There's no doubt in my mind that many market watchers are keeping an eye on the volatility in energy shares and feeling intrigued by the opportunity to invest and reap an out-sized gain. There's also no doubt in my mind that carefully selected energy bets today will, indeed, deliver market-beating results.
For some investors who are willing bet long on energy and truly have the patience to ride out the volatility, selling put options on energy shares may be interesting, especially now.
With the market experiencing a lot of volatility over the past month, energy shares have been even-more volatile. Because a key variable in option pricing is volatility, premiums have become very expensive, thus making the sale of puts somewhat intriguing today.

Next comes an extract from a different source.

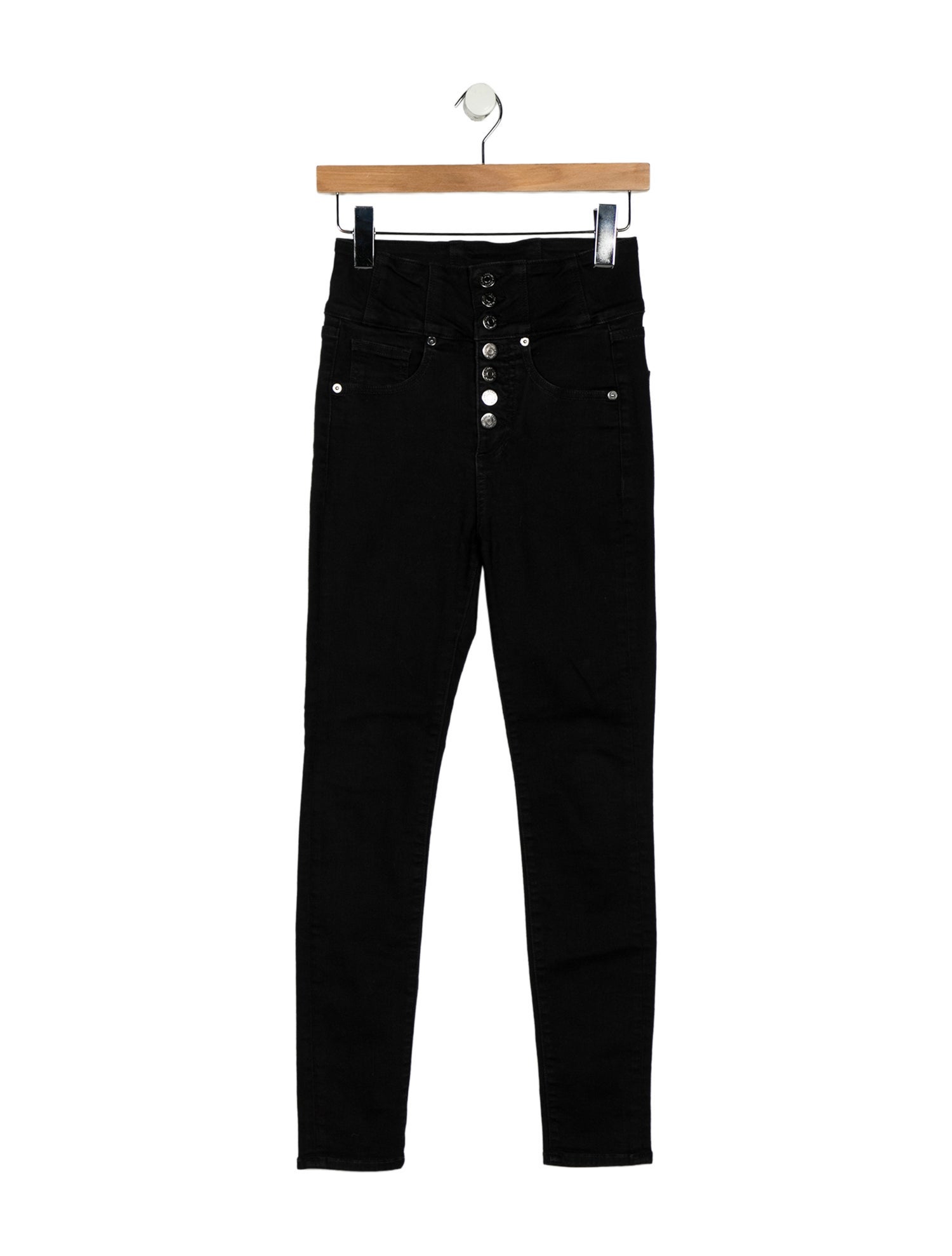 Veronica Beard High-Rise Skinny Leg Jeans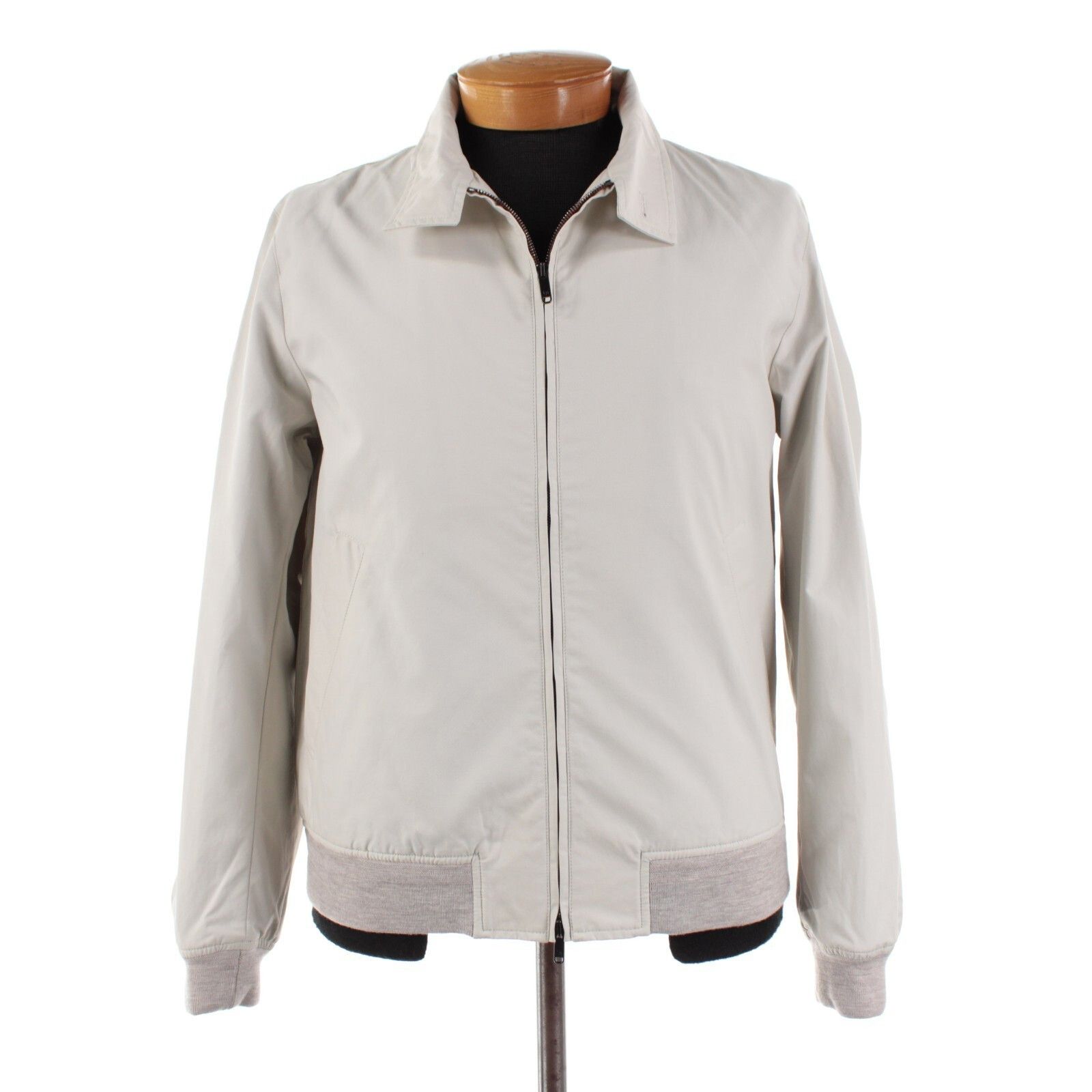 Luciano Barbera Jacket Size M US In Beige Cotton Blend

Let's use Freeport-McMoRan (FCX) as an example. The copper and oil producer recently attracted Carl Icahn as an investor. You can sell the February 2016 $10 puts for around $2 a contract today, 20% of the strike price. By collecting the premium, you are obligated to buy shares if they fall to $10 or below, but your net cost would be $8 a share. Typically, however, the option may not be assigned unless shares fall below $8, which is what I will assume to continue with this example. Selling this put gives you $2 a share in pocket today, and you are contractually agreeing to buy 100 shares for $10 a share, or $1000. Since an exercise means you keep the option premium, your net cost is $800.
If assigned, you own Freeport at a net cost of $8 per share, so any seller of a put has to be willing to own the underlying stock -- as well as have the cash to settle the contract. If you think Freeport, which traded as high as $30 a year ago, is a good long-term bet, selling a put give you income now -- and a chance to own the stock later at a much lower price.
But here's the issue with selling puts on energy and commodity shares today: If the underlying shares move higher without triggering an exercise, you miss out on the upside. If you really want to capture the pure upside potential, then you must either buy the shares outright or buy a call option, understanding the risk that comes with it.
Given the murky outlook for the energy sector over the next several months, however, those who want exposure to certain energy names can sell puts on those names. If the shares decline, you have effectively reduced your share price by a significant amount. And if the shares don't decline further, you make out with a little income for your portfolio.
However, I cannot stress enough that selling puts on energy contracts should be made on businesses that have balance sheets or assets that you believe will navigate successfully through the turmoil. And if you wouldn't lick your chops at the opportunity to own already depressed equities at even-lower prices, selling puts should also be avoided.